Problem statement: An exact copy, beginning at the line containing "Not cool. >" and ending at the final line of the records that follow, is the answer; it has no pictures and no other text.

Provided entries:
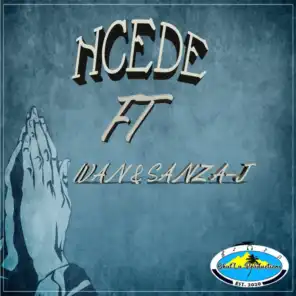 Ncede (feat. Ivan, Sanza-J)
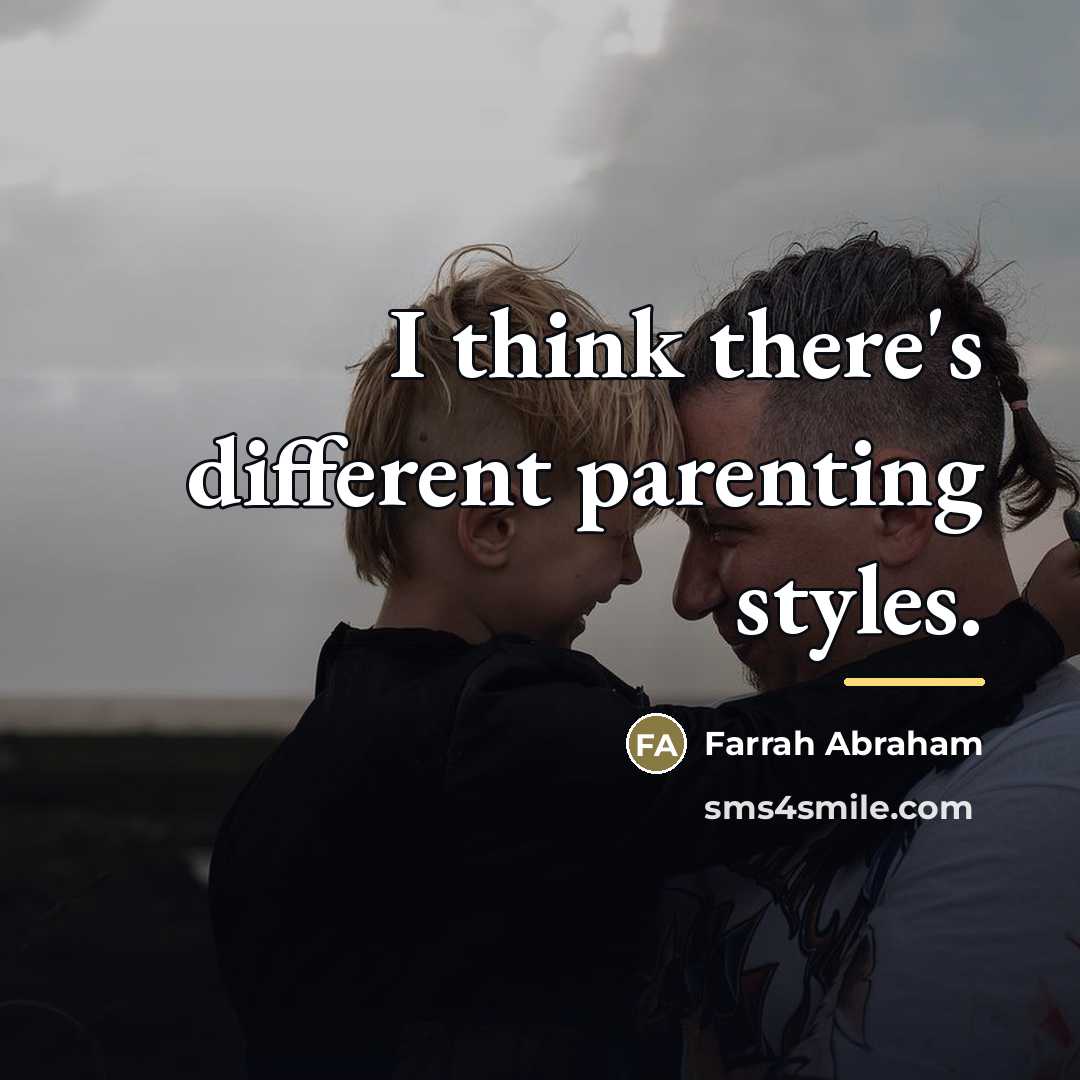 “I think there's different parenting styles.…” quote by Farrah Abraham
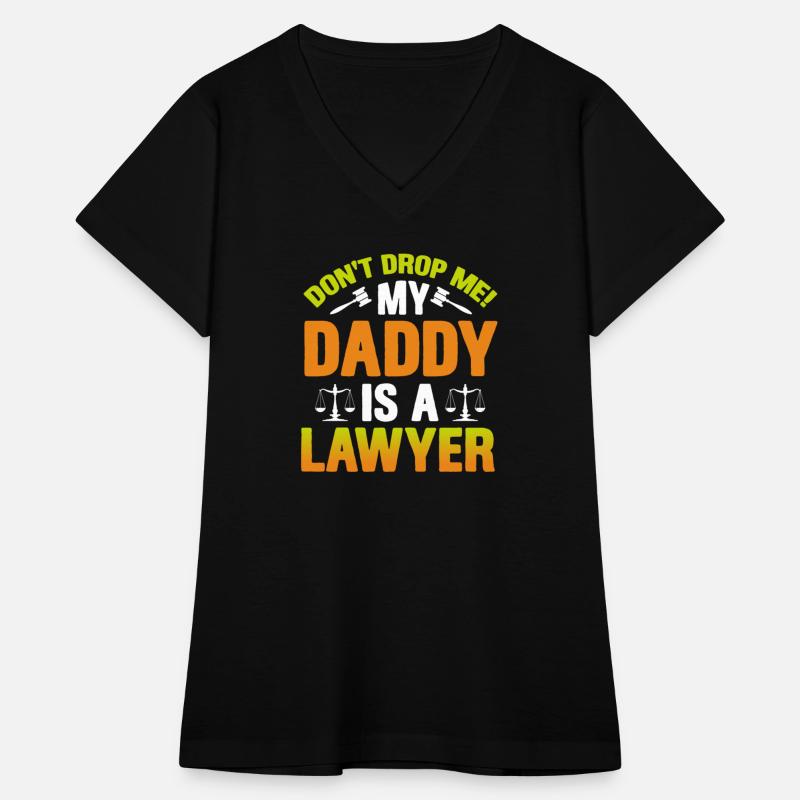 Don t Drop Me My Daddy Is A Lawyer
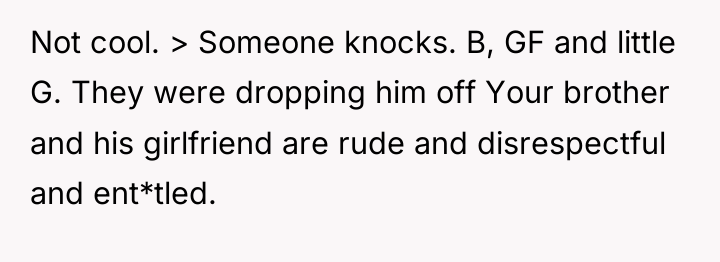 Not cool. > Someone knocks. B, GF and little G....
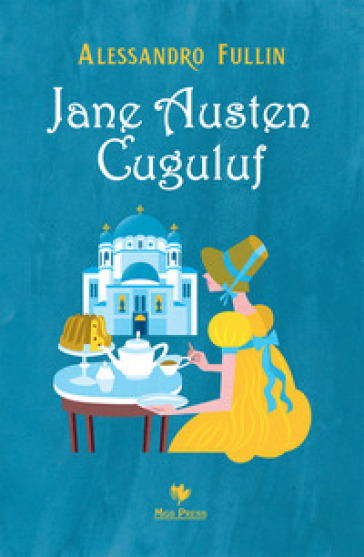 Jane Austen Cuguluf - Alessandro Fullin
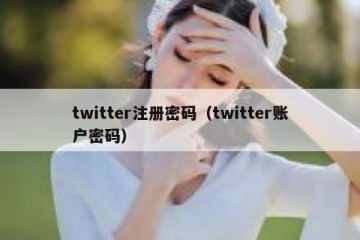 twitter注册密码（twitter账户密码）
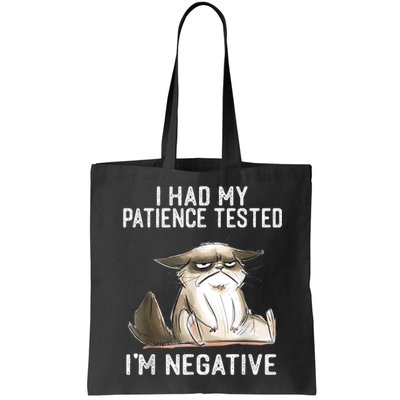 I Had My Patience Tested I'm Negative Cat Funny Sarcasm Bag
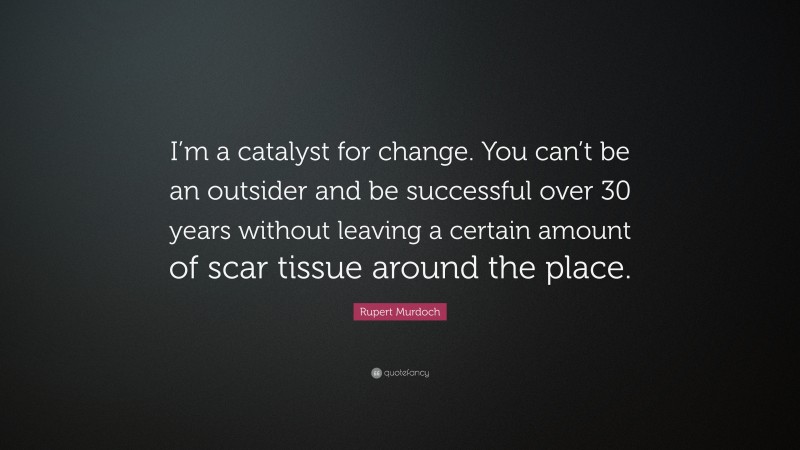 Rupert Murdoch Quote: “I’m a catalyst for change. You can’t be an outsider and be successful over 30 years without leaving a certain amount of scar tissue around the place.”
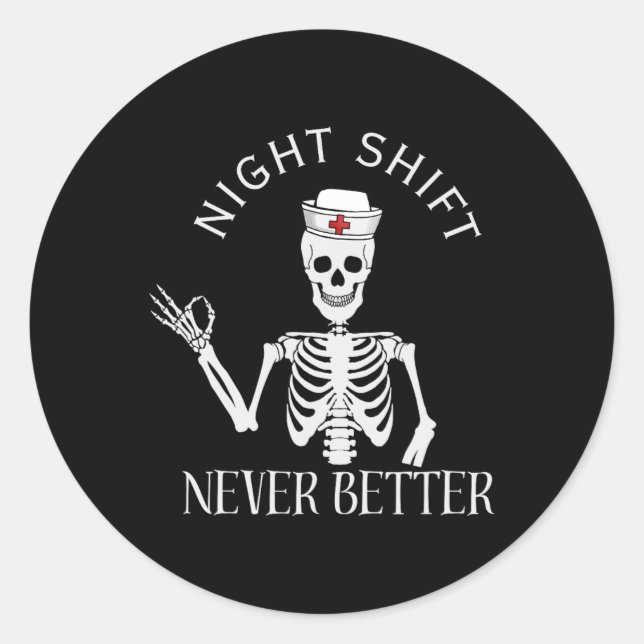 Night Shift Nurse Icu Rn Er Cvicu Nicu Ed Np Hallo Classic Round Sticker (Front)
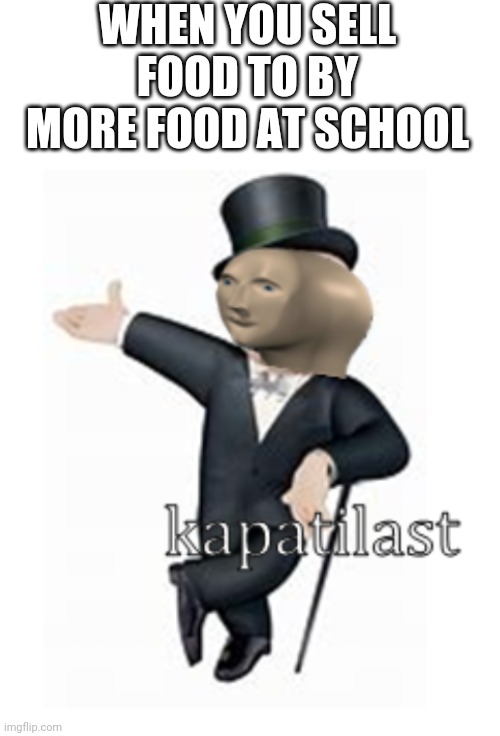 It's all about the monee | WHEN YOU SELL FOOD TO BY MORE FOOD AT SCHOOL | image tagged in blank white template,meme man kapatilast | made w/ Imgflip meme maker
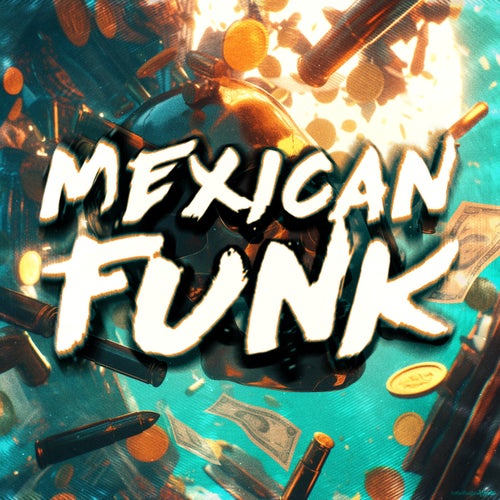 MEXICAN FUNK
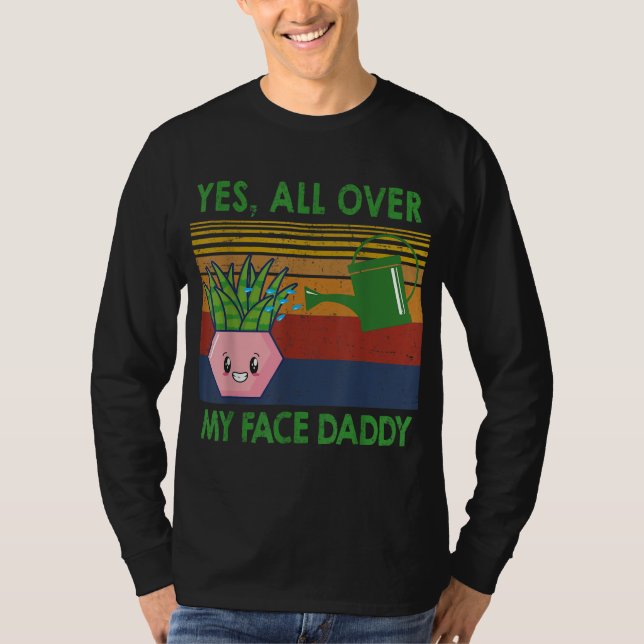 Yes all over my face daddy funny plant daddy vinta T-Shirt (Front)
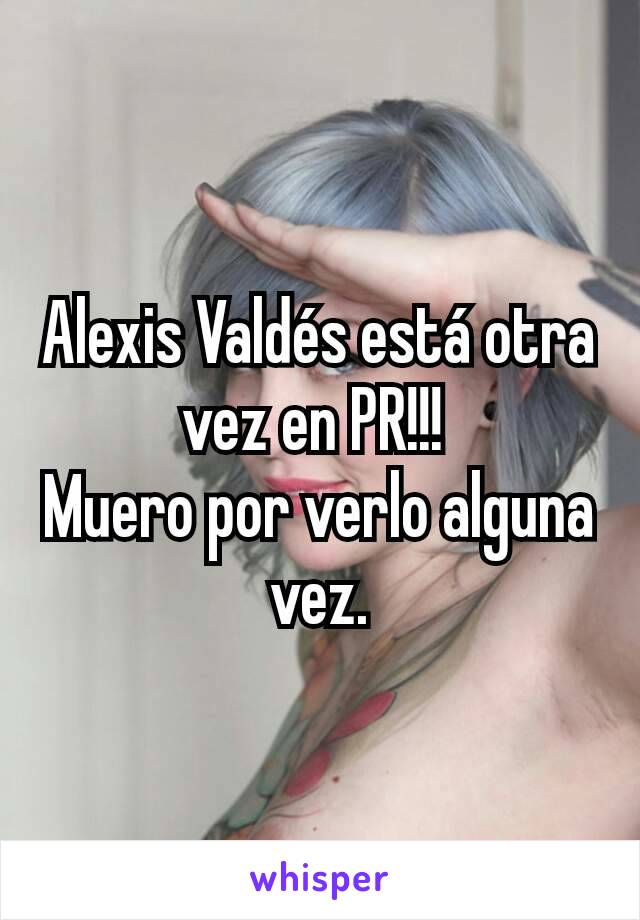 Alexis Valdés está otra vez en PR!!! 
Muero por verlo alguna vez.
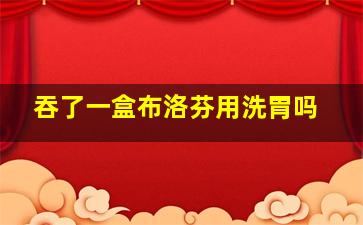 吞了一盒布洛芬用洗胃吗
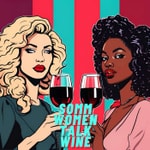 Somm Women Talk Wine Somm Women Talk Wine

Reply to the exercise:
 Not cool. > Someone knocks. B, GF and little G....
 Jane Austen Cuguluf - Alessandro Fullin
 twitter注册密码（twitter账户密码）
 I Had My Patience Tested I'm Negative Cat Funny Sarcasm Bag
 Rupert Murdoch Quote: “I’m a catalyst for change. You can’t be an outsider and be successful over 30 years without leaving a certain amount of scar tissue around the place.”
 Night Shift Nurse Icu Rn Er Cvicu Nicu Ed Np Hallo Classic Round Sticker (Front)
 It's all about the monee | WHEN YOU SELL FOOD TO BY MORE FOOD AT SCHOOL | image tagged in blank white template,meme man kapatilast | made w/ Imgflip meme maker
 MEXICAN FUNK
 Yes all over my face daddy funny plant daddy vinta T-Shirt (Front)
 Alexis Valdés está otra vez en PR!!! 
Muero por verlo alguna vez.
 吞了一盒布洛芬用洗胃吗
 Somm Women Talk Wine Somm Women Talk Wine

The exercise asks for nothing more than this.